Given that the transformation is 1-1 on a finite region D, the area on the s-t plane covered by the parameterized surface is

∫∫|<∂x/∂s, ∂y/∂s, ∂z/∂s>x<∂x/∂t, ∂y/∂t, ∂z/∂t>| dsdt

(in other words, the area covered by the torus is going to be the double integral of the rate of coverage with respect to s and t)

The Attempt at a Solution

Part b and c are pretty straight forward. For part B, I use the equation he gave us, for rate of coverage (listed above). Finding the partials, the cross product and the magnitude is pretty straight forward (although they are very confusing). I ended up with

Cross product of the velocity vectors is
<-cos(s)cos(t)(3+cos(s)), -sin(t)cos(s)(3+cos(s)), (-3-cos(s))(sin(s)cos²(t)+sin²(t)cos(s)>

Then I need to take the magnitude of that, but I can't figure out how to simplify it using trig identities (taking the magnitude of that mess would be a nightmare, but I may need to just sit down and do it, is there any easier way?). The last one looks like I should be able to simplify more cause I have the sin² and cos², but I can't figure out how to because they are both attached to a sin(s) and cos(s).

For part c, I just take my answer from part b and plug it into the integral. The hard part about this question is the bounds of the integral. I know that 0≤s and t≤2π, but I have know idea what the upper bound for s should be and what the lower bound for t should be.

As for part a, I really have no clue how to even get started on this one. I have a feeling it has something to do with the 3 in the equation, but I really don't know. I'm not sure which of s or t relates to the circle that runs through the center of the tube, and which is related to the radius of the tube itself. Sorry if this is a little confusing. If you have any questions about anything, just let me know.

 

[LCKurtz]

Homework Statement

Consider the parametrization of the torus given by:
x = x(s, t) = (3 + cos(s)) cos(t)
y = y(s, t) = (3 + cos(s)) sin(t)
z = z(s, t) = sin(s),
for 0 ≤ s, t ≤ 2π.

(a). What is the radius of the circle that runs though the center of the tube, and what is
the radius of the tube, measured from the central circle?
As for part a, I really have no clue how to even get started on this one.

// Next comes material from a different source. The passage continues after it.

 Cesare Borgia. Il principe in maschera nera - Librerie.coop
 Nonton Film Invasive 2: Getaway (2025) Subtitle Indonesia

I have a feeling it has something to do with the 3 in the equation, but I really don't know. I'm not sure which of s or t relates to the circle that runs through the center of the tube, and which is related to the radius of the tube itself. Sorry if this is a little confusing. If you have any questions about anything, just let me know.

Look at $x^2+y^2$ and see how it varies as a function of $s$ and a function of $t$ to get an idea about the two radii.

 

[mcafej]

Ok, so I just looked up the formula for the radii of a torus, and I just explained how I got 1 as the radius of the circle of the tube, and 3 as the radius of the torus itself. As for the Area of coverage, I was able to simplify it down and for the Area you end up just getting the double integral from 0 to 2pi (for both s and t) of 3+cost. I ended up getting 12pi^2 for the integral, which is the surface area of the torus (which is correct because the surface area of a torus and it is 4rRpi^2, with r being the radius of the tube and R being the radius of the torus, so 4*3*1*pi^2=12pi^2 as needed). The response before was helpful about deriving the radii of the torus, thank you.